→ TASK DESCRIPTION
Search the data below for the string "Jewelry". Extract every line that contains it.

Crawled caption data
┄┄┄┄┄┄┄┄┄┄

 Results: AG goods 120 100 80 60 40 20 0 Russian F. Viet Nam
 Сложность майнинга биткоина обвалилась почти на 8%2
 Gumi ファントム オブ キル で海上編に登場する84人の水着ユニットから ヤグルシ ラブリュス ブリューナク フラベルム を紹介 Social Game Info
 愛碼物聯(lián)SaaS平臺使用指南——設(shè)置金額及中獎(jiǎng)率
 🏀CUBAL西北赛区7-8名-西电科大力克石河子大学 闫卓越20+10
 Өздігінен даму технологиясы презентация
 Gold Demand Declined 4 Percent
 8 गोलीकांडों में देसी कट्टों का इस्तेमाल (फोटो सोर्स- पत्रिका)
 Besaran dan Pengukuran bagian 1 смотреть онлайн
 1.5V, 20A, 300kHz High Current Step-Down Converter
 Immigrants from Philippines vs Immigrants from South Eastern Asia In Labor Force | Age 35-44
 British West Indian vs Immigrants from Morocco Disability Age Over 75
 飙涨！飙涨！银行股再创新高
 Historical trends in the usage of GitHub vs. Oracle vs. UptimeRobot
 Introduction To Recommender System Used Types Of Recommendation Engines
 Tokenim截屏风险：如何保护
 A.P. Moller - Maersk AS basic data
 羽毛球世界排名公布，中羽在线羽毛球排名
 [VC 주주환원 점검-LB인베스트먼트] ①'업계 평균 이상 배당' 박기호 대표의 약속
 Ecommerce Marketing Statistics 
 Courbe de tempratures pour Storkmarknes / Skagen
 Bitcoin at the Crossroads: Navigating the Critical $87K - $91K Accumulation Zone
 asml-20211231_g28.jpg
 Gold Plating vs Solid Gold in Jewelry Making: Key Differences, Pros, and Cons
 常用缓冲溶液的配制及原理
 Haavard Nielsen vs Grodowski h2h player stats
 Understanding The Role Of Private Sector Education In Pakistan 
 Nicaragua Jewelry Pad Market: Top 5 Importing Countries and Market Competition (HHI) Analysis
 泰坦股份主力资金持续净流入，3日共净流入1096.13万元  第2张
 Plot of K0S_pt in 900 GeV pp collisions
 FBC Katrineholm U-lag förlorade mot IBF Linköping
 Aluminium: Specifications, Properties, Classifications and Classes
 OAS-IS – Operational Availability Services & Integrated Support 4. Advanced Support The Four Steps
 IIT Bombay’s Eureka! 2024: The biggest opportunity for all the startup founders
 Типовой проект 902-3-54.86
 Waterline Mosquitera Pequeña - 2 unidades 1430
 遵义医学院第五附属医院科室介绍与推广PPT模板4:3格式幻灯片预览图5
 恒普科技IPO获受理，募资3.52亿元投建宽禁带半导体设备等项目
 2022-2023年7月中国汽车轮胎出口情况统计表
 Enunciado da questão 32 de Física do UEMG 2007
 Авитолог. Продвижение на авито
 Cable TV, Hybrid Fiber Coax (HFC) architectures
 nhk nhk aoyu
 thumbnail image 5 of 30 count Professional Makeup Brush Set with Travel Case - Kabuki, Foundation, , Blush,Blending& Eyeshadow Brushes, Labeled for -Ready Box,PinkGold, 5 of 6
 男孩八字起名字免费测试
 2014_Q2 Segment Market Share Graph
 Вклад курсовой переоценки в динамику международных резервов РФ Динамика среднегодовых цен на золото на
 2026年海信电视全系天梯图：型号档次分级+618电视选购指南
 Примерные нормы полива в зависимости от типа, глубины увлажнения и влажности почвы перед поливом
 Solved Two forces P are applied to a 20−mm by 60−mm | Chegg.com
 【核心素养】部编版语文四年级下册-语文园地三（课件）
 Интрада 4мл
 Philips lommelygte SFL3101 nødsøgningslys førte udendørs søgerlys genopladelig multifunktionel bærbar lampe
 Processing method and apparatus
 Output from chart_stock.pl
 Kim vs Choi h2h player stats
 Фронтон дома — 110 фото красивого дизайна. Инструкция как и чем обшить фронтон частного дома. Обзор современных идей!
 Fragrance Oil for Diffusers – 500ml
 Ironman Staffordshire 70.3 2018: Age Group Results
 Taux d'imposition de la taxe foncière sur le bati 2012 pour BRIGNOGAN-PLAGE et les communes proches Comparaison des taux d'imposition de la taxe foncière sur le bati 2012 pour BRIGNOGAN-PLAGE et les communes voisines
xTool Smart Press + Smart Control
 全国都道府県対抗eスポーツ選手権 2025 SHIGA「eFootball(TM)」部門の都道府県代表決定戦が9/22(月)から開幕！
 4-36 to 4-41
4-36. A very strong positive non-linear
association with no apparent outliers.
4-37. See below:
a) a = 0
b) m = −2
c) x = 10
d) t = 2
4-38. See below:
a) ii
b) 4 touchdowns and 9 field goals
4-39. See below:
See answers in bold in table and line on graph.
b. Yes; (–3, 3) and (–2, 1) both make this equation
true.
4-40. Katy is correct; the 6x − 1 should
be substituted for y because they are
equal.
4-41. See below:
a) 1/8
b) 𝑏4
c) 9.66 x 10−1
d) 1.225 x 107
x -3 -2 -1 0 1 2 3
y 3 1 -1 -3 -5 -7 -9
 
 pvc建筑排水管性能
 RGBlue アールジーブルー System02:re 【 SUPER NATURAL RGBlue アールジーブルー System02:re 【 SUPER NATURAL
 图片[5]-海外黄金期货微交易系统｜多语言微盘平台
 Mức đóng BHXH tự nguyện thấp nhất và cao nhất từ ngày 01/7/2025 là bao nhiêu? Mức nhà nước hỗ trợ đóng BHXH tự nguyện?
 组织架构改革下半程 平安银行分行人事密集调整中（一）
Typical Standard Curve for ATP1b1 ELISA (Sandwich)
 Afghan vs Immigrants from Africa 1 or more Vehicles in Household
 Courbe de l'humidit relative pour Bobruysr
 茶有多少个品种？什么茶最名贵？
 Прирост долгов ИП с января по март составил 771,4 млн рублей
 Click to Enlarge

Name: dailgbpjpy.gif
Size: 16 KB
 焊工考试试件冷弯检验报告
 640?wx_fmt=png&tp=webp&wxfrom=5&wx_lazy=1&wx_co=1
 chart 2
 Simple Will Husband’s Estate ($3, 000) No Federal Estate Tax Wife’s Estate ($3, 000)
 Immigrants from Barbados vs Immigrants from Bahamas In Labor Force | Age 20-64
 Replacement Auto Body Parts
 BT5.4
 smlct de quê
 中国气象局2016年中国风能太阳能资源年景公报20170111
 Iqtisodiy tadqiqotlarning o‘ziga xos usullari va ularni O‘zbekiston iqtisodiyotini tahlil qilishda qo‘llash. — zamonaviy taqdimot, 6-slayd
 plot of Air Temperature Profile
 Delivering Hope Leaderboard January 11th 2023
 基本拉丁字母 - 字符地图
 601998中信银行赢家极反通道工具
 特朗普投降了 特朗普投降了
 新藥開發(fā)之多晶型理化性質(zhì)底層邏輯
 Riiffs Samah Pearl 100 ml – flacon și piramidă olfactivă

┄┄┄┄┄┄┄┄┄┄

→ EXERCISE OUTPUT
 Gold Plating vs Solid Gold in Jewelry Making: Key Differences, Pros, and Cons
 Nicaragua Jewelry Pad Market: Top 5 Importing Countries and Market Competition (HHI) Analysis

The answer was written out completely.